Friday, August 3, 2018

Adventures in Micro Collecting Baseball Hall Of Fame Edition

This past weekend the Baseball Hall of Fame inducted the Class of 2018, Vladimir Guerrero, Trevor Hoffman, Chipper Jones, Jack Morris, Jim Thome and Alan Trammell.  The National Sports Collectors Convention in Cleveland is this weekend. Seems like the right time to talk about another one of my Micro Collections, Baseball Hall of Fame members certified On-Card Autographs.


If you are not familiar with our term, “Micro Collecting” involves finding collecting projects that have personal meaning but can be achieved with a small number of cards. For example, I’ve collected certified On- Card Autographs of all the players on the New York Rangers with numbers that have been retired which was a great little project because there are currently only 9 players. Some other ideas could be collecting players that share your birthday, players who attended your college at the same time as you, players who have made milestone plays at games you’ve attended or maybe even players who share your last name.

Micro Collecting can be done with a wide variety of budgets, big and small. You can highly personalize your collecting while at the same time discover some cards you may never have thought to collect. You can select rookie cards, cards from their best years, low numbered serial cards, numbered cards that are the same as their uniform number, sticker autos, Auto Relic Cards, printing plates, etc. 

The entire point is to pick an easy project that inspires you.

For me, I’ve always had a connection with the Baseball Hall of Fame having grown up in New York. As Micro Collecting projects go, Baseball Hall of Fame members certified On-Card Autographs is on the larger size with 76 current living members and 40 deceased members. The great thing about this project is a lot of those members can be found currently just by opening packs of Topps cards. Within recent releases over the past couple of years I can think of about 60 members who have signed for Topps.

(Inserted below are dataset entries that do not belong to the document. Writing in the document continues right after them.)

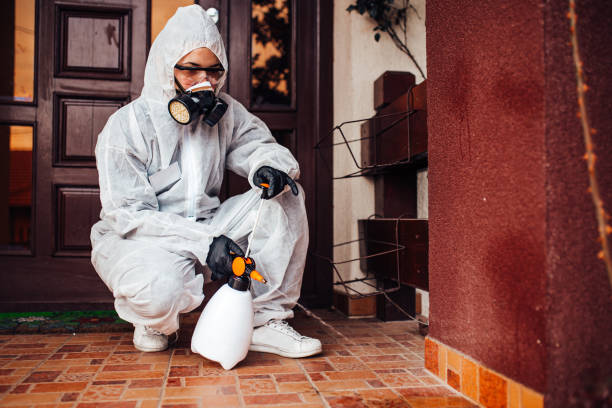 Reliable Cockroach Control contractor in Manti, UT by Nex Pest Control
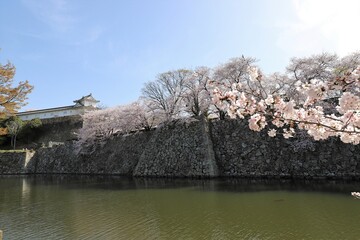 Sticker - 姫路城　満開の桜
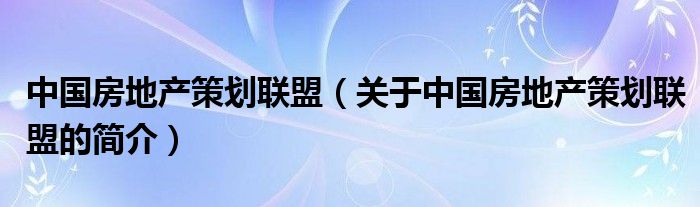 中国房地产策划联盟（关于中国房地产策划联盟的简介）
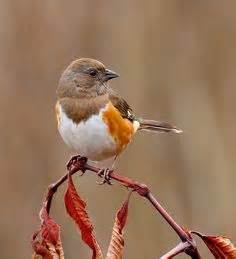 female Rufous-sided Towhee | Backyard birds, Birds, Beautiful birds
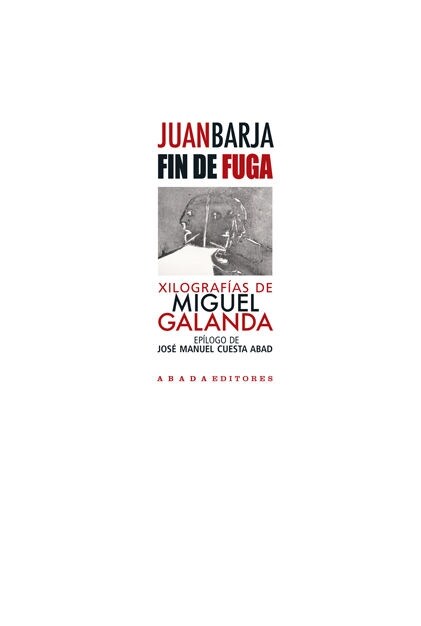 FIN DE FUGA (Paperback)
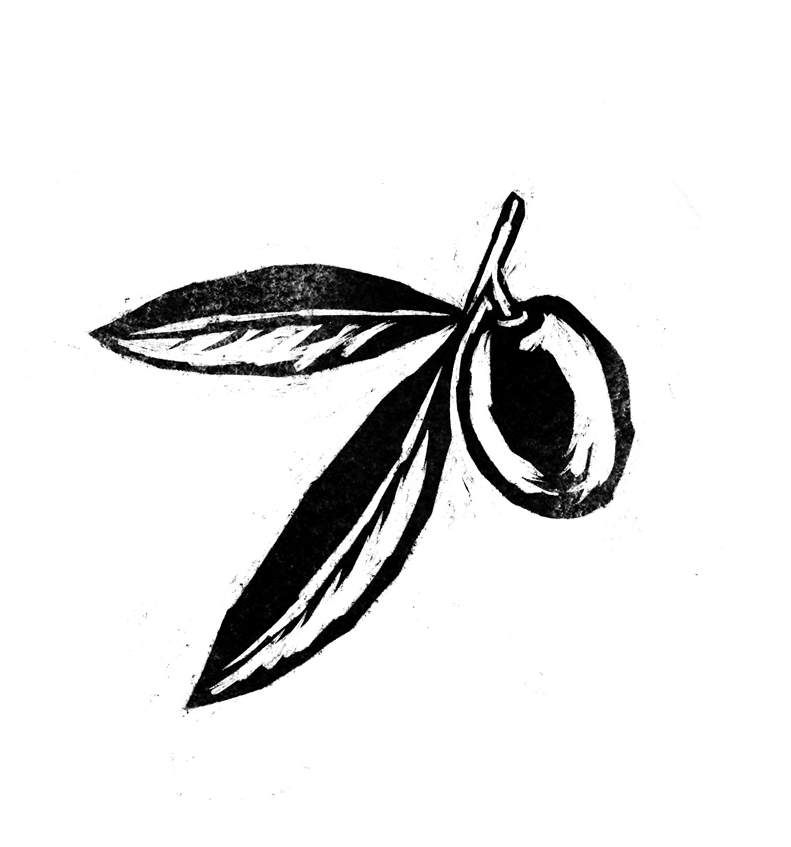 A black and white illustration of an olive sprig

That list would expand greatly if it weren’t for the “certified On-Card” qualifier. But you could include cut auto cards or even just collect autographed baseballs, a project that you could complete a large portion of just by attending the National. Many of the in-person signers in the Tristar Autograph Pavilion are HOFers.

The other thing I like about this collection is it expands to include new members each year, so there is always something new to collect, keeping it fresh, but the number it expands by is very manageable. The Class of 2018, at 6 new members, is about as big as it gets.  I look forward to the announcement at the beginning of the year with the members of the next class to enter the Hall. Sometimes, if I’m sure someone will make it, I do a preemptive strike to collect their card before the announcement, like I did with this Mariano Rivera 2017 Topps Transcendent card. Rivera should have no problem making it into the Hall in 2019, his first year of eligibility.

In future articles I’ll go more in-depth with the cards from this collection and other Micro Collections that cross into this collection, make sure you check back for those.  Leave a comment telling us about your Micro Collections or ones are now inspired to start. You may spark a idea for another collector in the process.


1 comment:

  1. Although I haven't officially started an on-card hof autograph collection, I probably have a decent sized collection. As for other Micro Collections, I have a few: hometown heroes, birthday pc, surfer pc, lefty Cy Young Award winners, and Donruss puzzles to name a few.